Here are the Canadian members as of today:
* Bibliothèque de l'Université Laval
* McGill University Library
* Privy Council Office
* Simon Fraser University Library
* University of British Columbia Library
* University of Saskatchewan Library
* University of Toronto Scarborough
Consortial member: OCUL - Ontario Council of University Libraries.
For in-depth reasons on why libraries should become DOAJ members, see my article in the January 2008 Charleston Advisor. Update: since this article was written in 2007, DOAJ has increased by more than one thousand journals; more many journals are searchable at article level, and new features such as journal lists by country have been added.

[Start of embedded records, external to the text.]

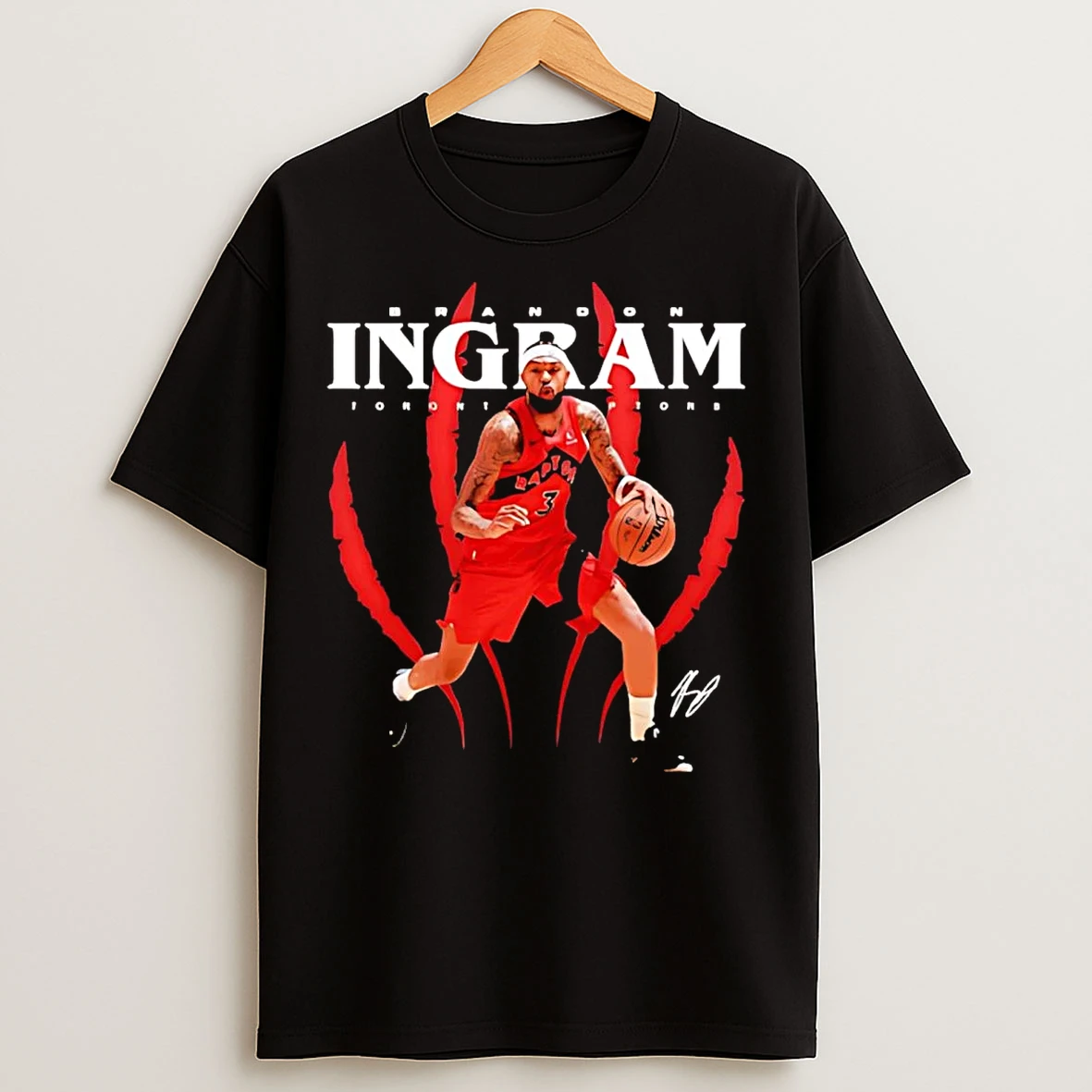 Brandon Ingram Dribbling Toronto Raptors T Shirts
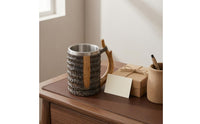 Metal-Lined Tree Branch Mug Textured Branch Handle Mug Wood-Grain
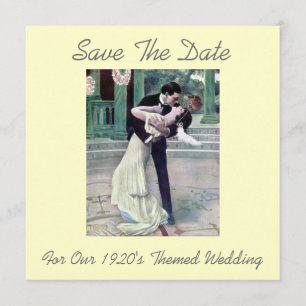 Hochzeit der 1920er Jahre rettet das Datum Save The Date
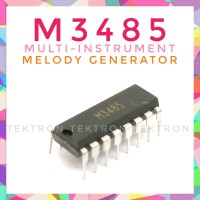 M3485, multi-instrument melody generator, UM3485, musical bell, lagu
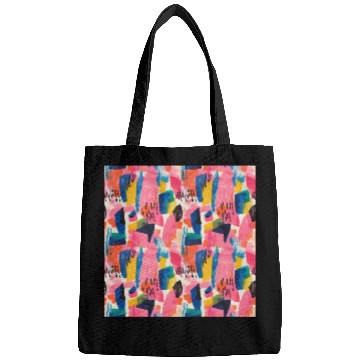 Discover Vivid Colors Abstract Pattern Bags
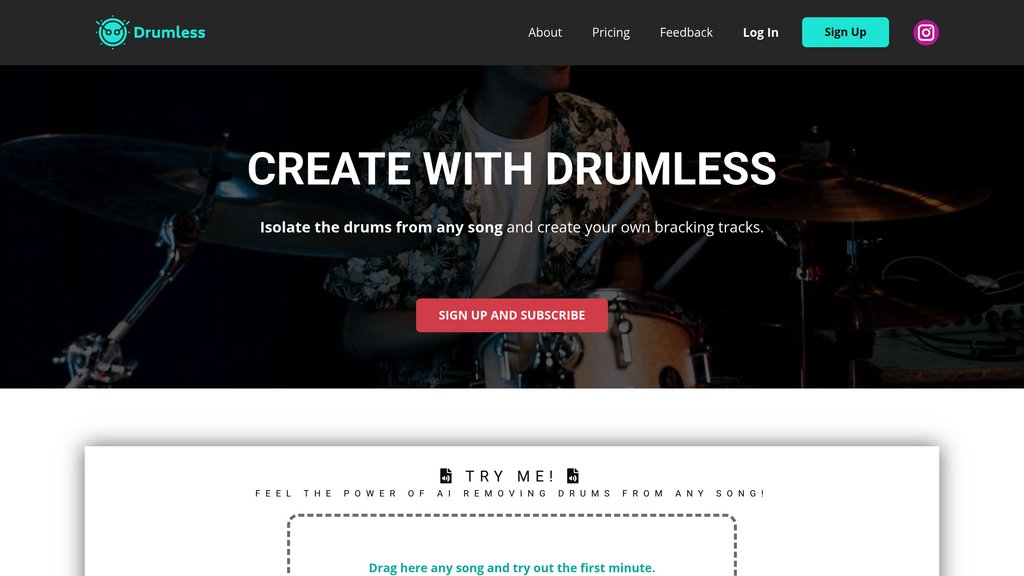 Drumless screenshot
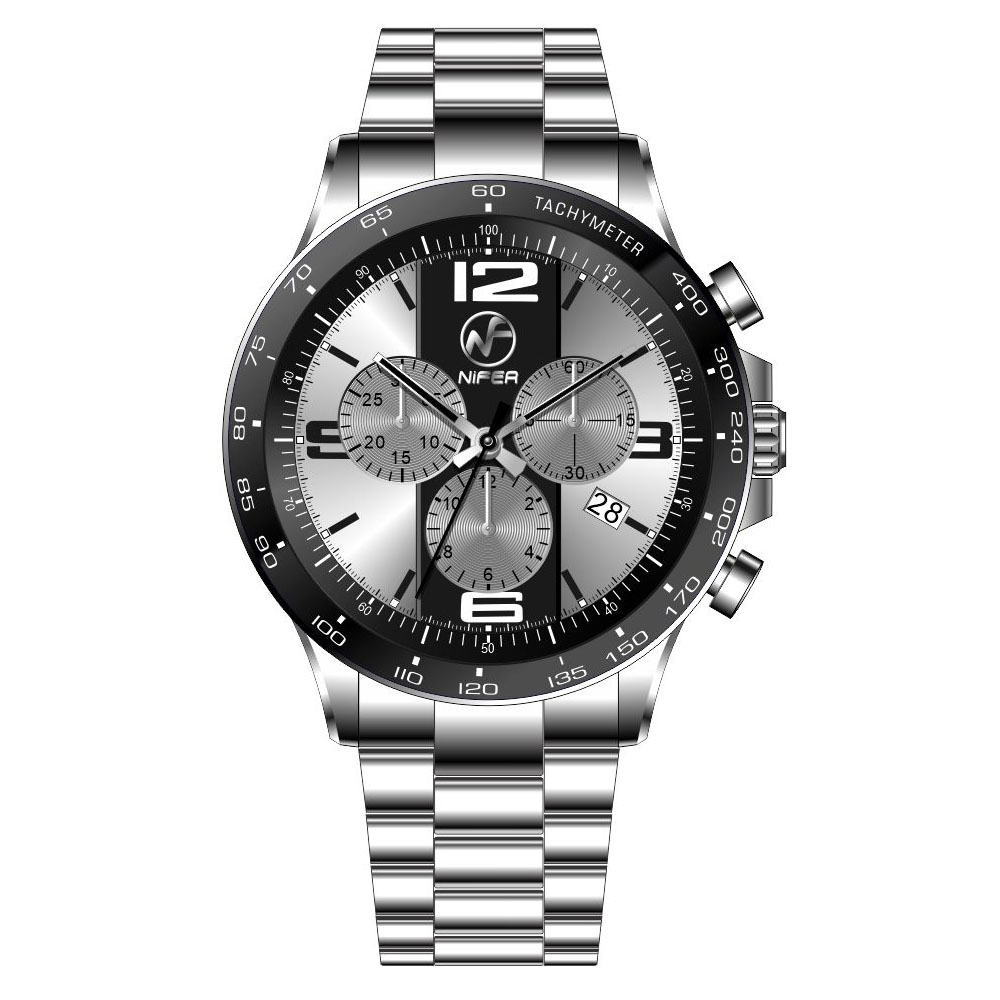 Montre à Quartz de sport en acier inoxydable saphir multifonction pour hommes, personnalisée, offre spéciale 5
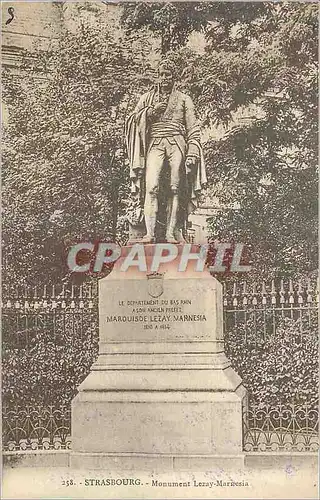 Cartes postales Strasbourg Monument Lezay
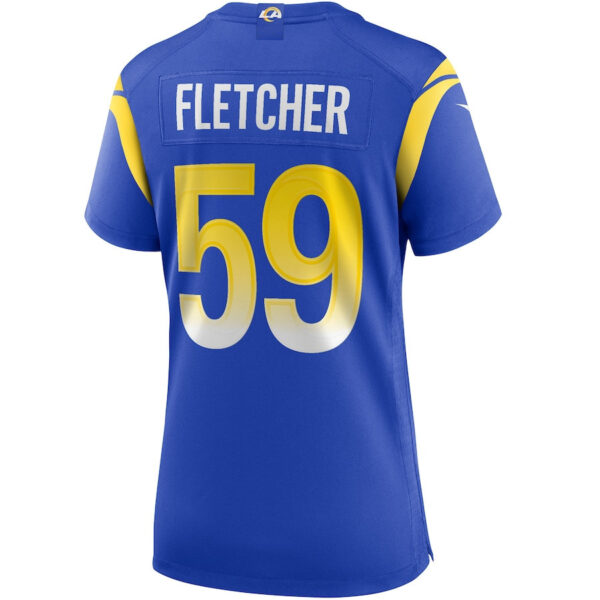 London Fletcher 59 Los Angeles Rams Women Game Retired Jersey - Royal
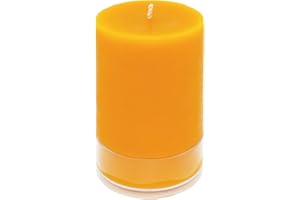 Pure Canadian Beeswax Pillar Candle - MaxiPillar - Handmade in Canada - Canadian Hive - Cotton Wicks - Meditation and Home De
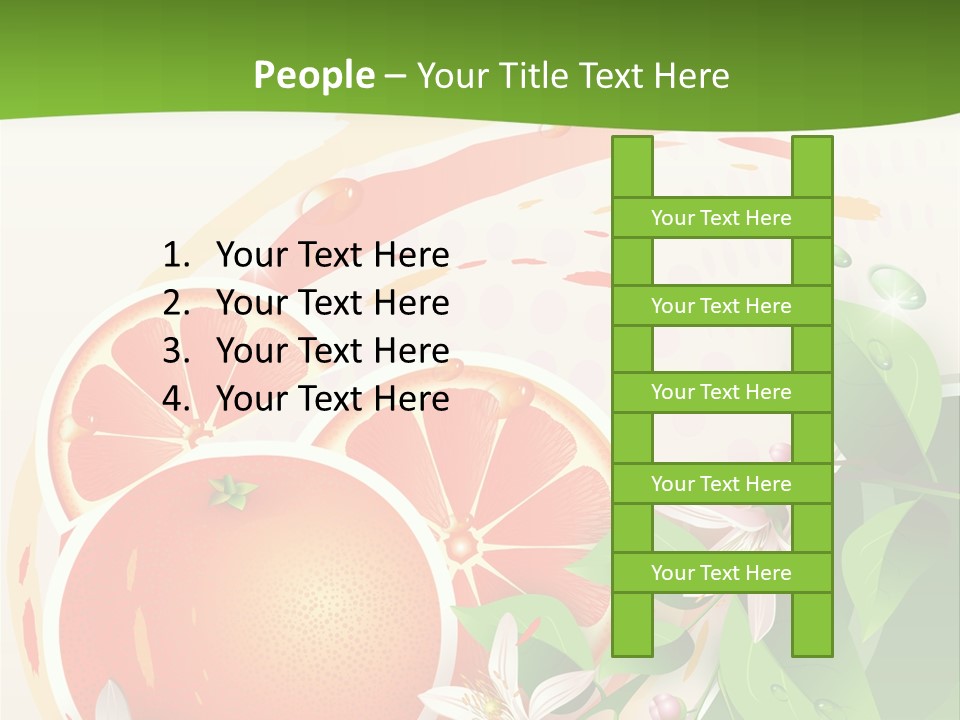 Circle Health Tasty PowerPoint Template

Another way to calculate the value of DOAJ membership for your library: analyze the costs of dealing with suggestions from faculty, students, and librarians to add these high-quality open access journals to your collection. If you have your own title list, you can figure out how much work it is to do this on your own. If you don't have a way of handling these suggestions, there is still a cost involved. These queries must be addressed; if you have no way of including these journals in your title lists, reference librarians will be looking them up, over and over, one at a time.
DOAJ membership is definitely an Essential Efficiency in these troubled economic times.